What does David Ball of Fleetwood Town and Lionel Messi of Barcelona both have in common? The answer is they were both nominated for FIFA’s Puskas Award. Neither has actually won it. It should be one of the most talked about awards as the winner must have scored a beautiful goal in a beautiful manner for the beautiful game. The goal should have been scored fairly and the player should not have been booked or cautioned during that match. It should be the most hotly-contested prize. But who was the person who inspired such an award?
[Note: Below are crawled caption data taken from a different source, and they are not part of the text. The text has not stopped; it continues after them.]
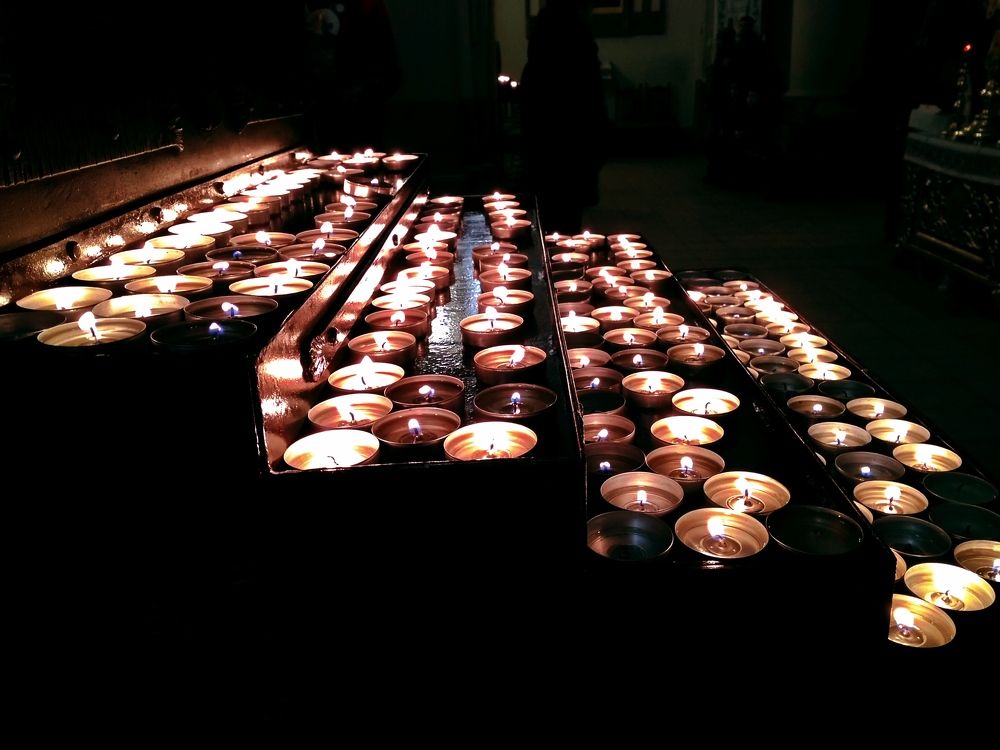 Свічки_які_світяться_мріями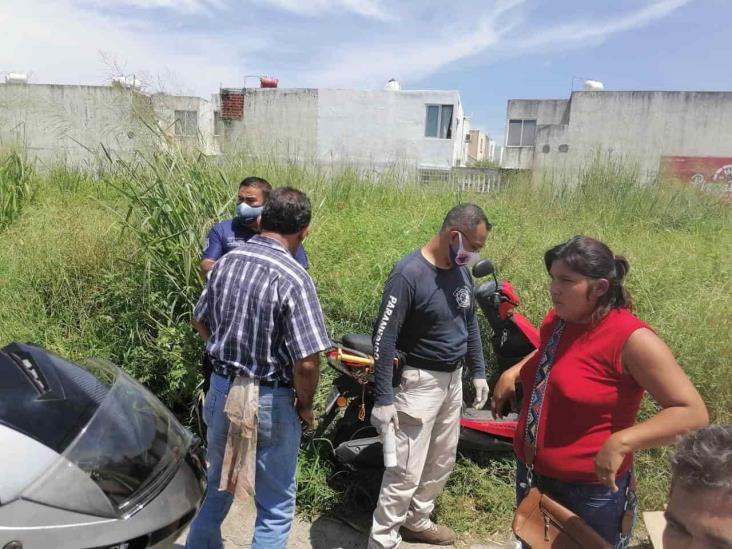 Motociclista resulta lesionado al chocar con triciclo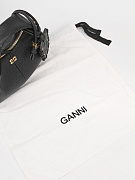 Женская сумка Ganni Hobo Bag черная — фирменный пыльник GANNI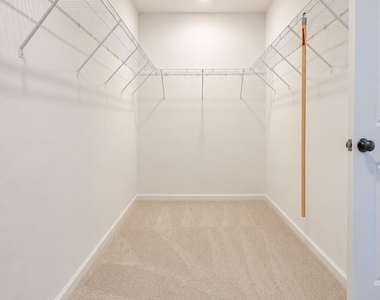 112 Blossom Fld Way - Photo Thumbnail 9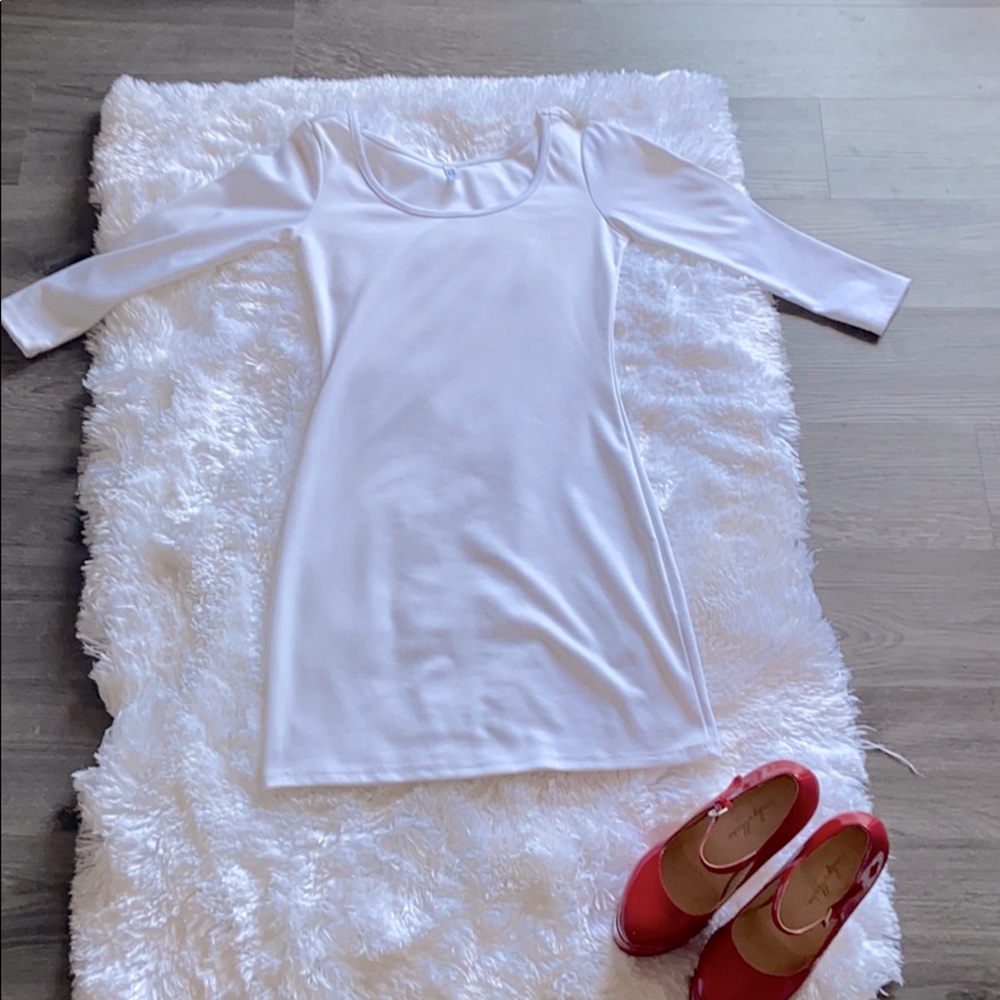 White bodycon dress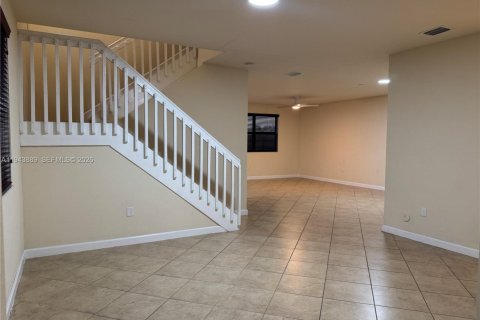 House in Cutler Bay, Florida 4 bedrooms, 201.6 sq.m. № 2000624 - photo 2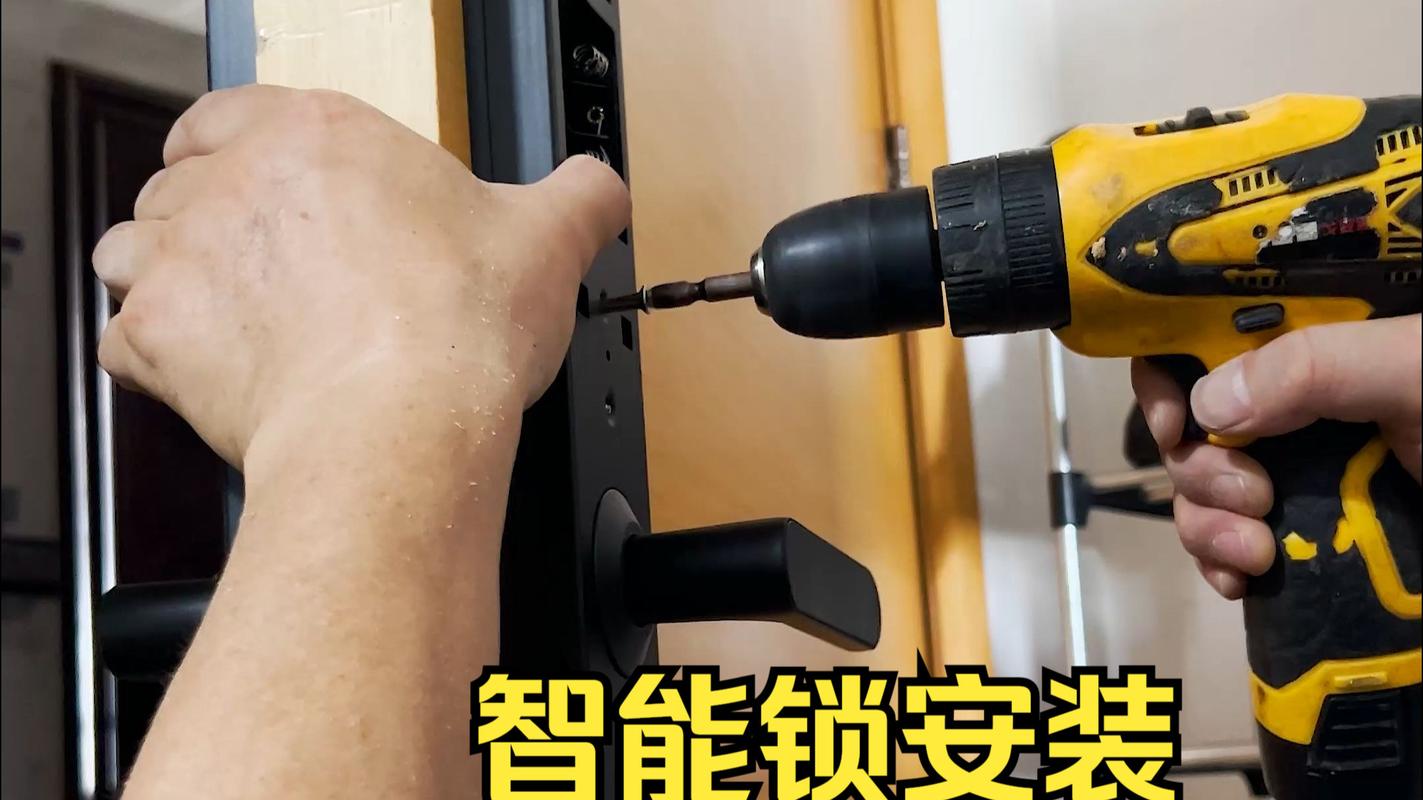 装修师傅安装智能门锁拆卸旧锁过程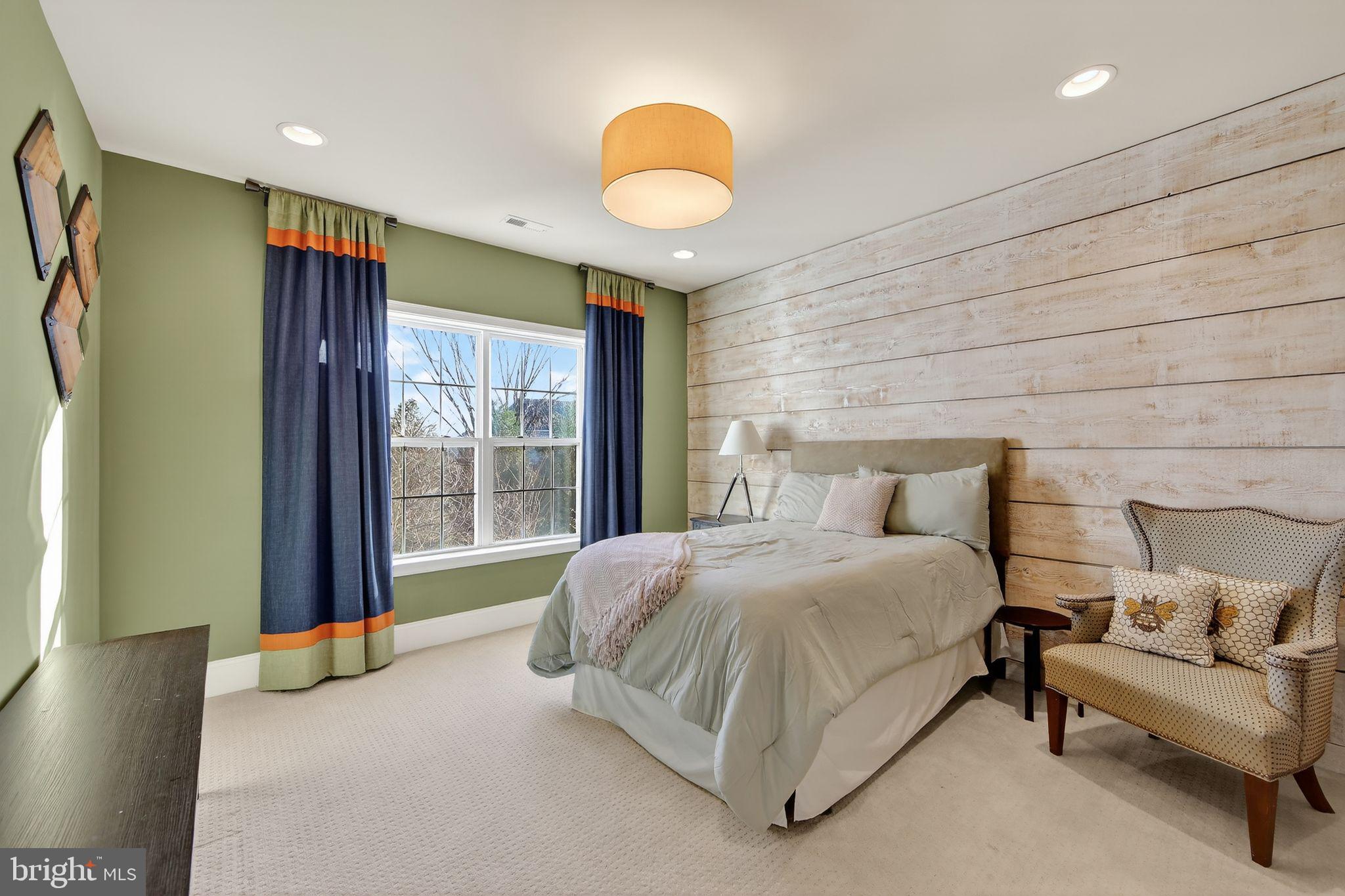 GREENVILLE OVERLOOK - Residential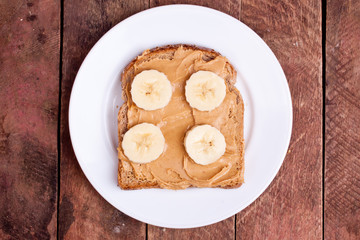 peanut butter bread with banana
He must have scored plenty of goals. Ferenc Puskas certainly did. He scored 84 international goals in 85 appearances for his native Hungary and 514 for the two clubs he played for. 358 of them were for his boyhood club in Budapest where he played some 350 times. When a player scores more times than he appears you have to check him out. Real Madrid certainly did and he scored 156 times in 180 appearances for them. You see, statistics don’t lie.

Ability beyond beauty

This overweight, short and stocky star’s story is enmeshed in politics. Yet all who had the privileged to see him were mesmerised by the beauty of his play and the power of his left foot. Puskas’s boyhood club was called Kispest until the Communist regime renamed it Budapest Honved. With a strangling policy of centralisation, Honved became a type of national team of Hungary as most of its stars joined the team and they were coached by Gustav Sebes. The Mighty Magyars were conscripted and were all given the rank of Major. Puskas was dubbed the Galloping Major partly due to his official rank and the demands he made on his co-players.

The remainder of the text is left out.